§ **EXERCISE REQUIREMENTS**: Only the lines from the start of the data through the one containing "Set of 5 Handmade" belong in your answer; return them exactly.

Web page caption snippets
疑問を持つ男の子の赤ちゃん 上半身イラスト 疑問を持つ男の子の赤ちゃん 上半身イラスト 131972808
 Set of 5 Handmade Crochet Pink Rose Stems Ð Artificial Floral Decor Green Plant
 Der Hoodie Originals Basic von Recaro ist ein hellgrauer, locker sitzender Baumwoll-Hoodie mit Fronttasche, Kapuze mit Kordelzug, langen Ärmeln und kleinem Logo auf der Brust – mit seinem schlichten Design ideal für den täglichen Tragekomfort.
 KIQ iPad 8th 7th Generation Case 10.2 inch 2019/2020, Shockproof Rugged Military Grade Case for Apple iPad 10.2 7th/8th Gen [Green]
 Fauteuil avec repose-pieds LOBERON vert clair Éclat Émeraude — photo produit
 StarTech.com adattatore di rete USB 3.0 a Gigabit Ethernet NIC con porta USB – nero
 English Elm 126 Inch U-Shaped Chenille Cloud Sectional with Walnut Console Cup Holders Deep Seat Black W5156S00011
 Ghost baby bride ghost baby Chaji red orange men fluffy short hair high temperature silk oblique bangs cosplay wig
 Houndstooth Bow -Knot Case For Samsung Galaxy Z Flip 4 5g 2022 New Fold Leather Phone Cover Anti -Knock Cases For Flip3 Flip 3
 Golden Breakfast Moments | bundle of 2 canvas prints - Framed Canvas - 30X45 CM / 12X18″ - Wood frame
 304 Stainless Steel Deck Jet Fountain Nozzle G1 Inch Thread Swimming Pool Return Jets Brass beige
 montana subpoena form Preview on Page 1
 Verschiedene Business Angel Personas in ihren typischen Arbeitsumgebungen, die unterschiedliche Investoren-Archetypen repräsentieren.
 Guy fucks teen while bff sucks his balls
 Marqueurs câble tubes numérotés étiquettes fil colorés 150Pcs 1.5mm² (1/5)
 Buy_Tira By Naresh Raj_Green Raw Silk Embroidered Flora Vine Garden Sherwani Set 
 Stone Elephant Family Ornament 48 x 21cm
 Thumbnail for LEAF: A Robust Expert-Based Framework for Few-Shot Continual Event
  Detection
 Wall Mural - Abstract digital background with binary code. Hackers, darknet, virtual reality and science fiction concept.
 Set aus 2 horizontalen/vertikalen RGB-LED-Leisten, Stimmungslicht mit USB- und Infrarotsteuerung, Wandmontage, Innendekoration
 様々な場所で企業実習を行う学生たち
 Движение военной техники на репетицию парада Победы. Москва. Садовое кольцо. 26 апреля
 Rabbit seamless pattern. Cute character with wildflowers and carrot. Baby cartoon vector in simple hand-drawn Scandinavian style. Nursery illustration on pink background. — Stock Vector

§ **OUTPUT BELOW**:
疑問を持つ男の子の赤ちゃん 上半身イラスト 疑問を持つ男の子の赤ちゃん 上半身イラスト 131972808
 Set of 5 Handmade Crochet Pink Rose Stems Ð Artificial Floral Decor Green Plant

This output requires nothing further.